The industry is looking to tap young consumers by pitching the convenience and better product mix of traditional and flavoured varieties offered by tea bags.
In the current year, the sale of tea bags is expected to grow at 30 per cent and is seen to touch Rs 1,000 crore in the next 5-7 years. Growth may be even higher with a number of regional players entering the space.
Further, over the last five years, there has been a gradual shift in favour of branded tea over the loose varieties, which can boost tea bag consumption.
The compounded annual growth rate (CAGR) of tea has not gone beyond 2 per cent till 2013 compared with 5-5.5 per cent for coffee.
“The only way to drive growth will be to drink more cups of tea. But that is not happening. That is where tea bags are adding to the consumption.
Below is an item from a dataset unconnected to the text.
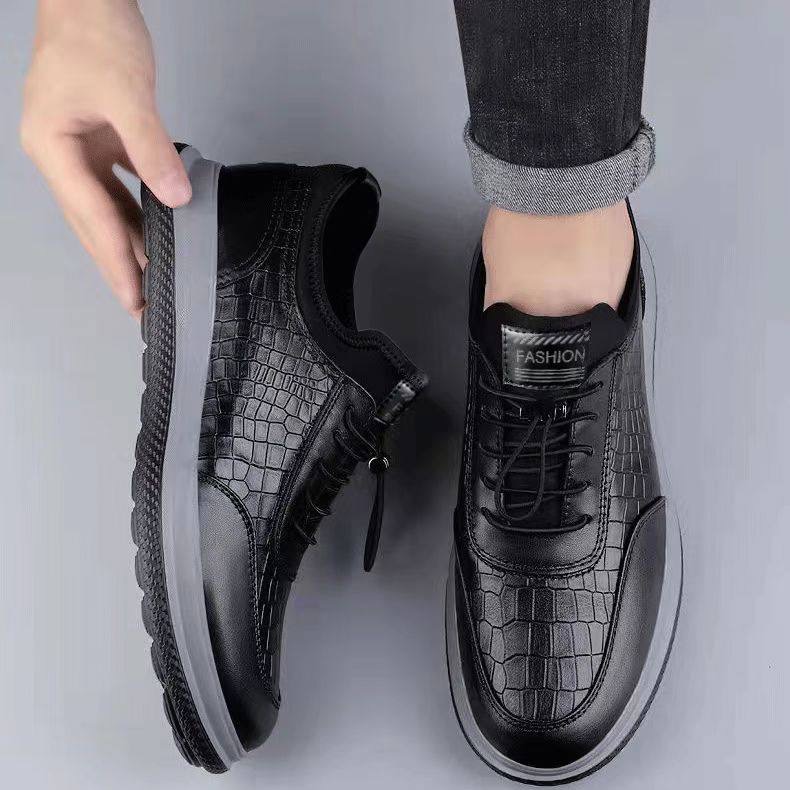 Chaussures homme  - Vue détaillée 6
While the tea category is stable, growing at 2 per cent in a good year, there is an internal shift from unbranded to branded,” said Sumit Shah, executive director of Calcutta-based Madhu Jayanti International Ltd.
Several regional companies have sensed the opportunity provided by bags and are going national through branded packs.
Shah’s company has launched TE-A-ME bags in 17 flavours.
In June, homegrown FMCG brand Yours Food Pvt Ltd said it would foray into the Rs 150-crore green tea market. In the first phase, it will roll out green tea bags, while a premium black tea will be offered in the second phase. In the third phase, it will roll out the crush, tea and curled varieties.
According to Arun N. Singh, managing director & CEO of Goodricke Group Ltd, tea bags account for 2 per cent of the market in volume terms and 4 per cent in value terms at about Rs 450 crore.
“Since the loose tea segment has been stagnant, growing at 7 per cent, tea bags with a 27 per cent growth are being seen as the future, according to market research firm Nielsen,” he said.
Tea bags in the UK account for 90 per cent of the market, while it is 88 per cent in the US and about 80 per cent in Russia.
“Worldwide, 90 per cent of tea are had in bags. It is a modern way of consuming tea. The machinery to manufacture the bags is expensive. Many have invested. But, so far, there has not been enough demand and they are unable to utilise capacity. A lot of players are discounting their brands but that is not our strategy. Our tea bags have been growing but we are not looking at it in isolation as of yet,” said Parag Desai, executive director at Wagh Bakri Tea Group.
Innovations are also on course. Madhu Jayanti, for instance, has rolled out boiling bags on a pilot basis in Karnataka under the Lalpan brand. This is a go-between a tea bag and boiled tea without a string and an envelope. The idea is to get roadside stalls into using these bags, which will help them keep a count of the amount of tea that is being used.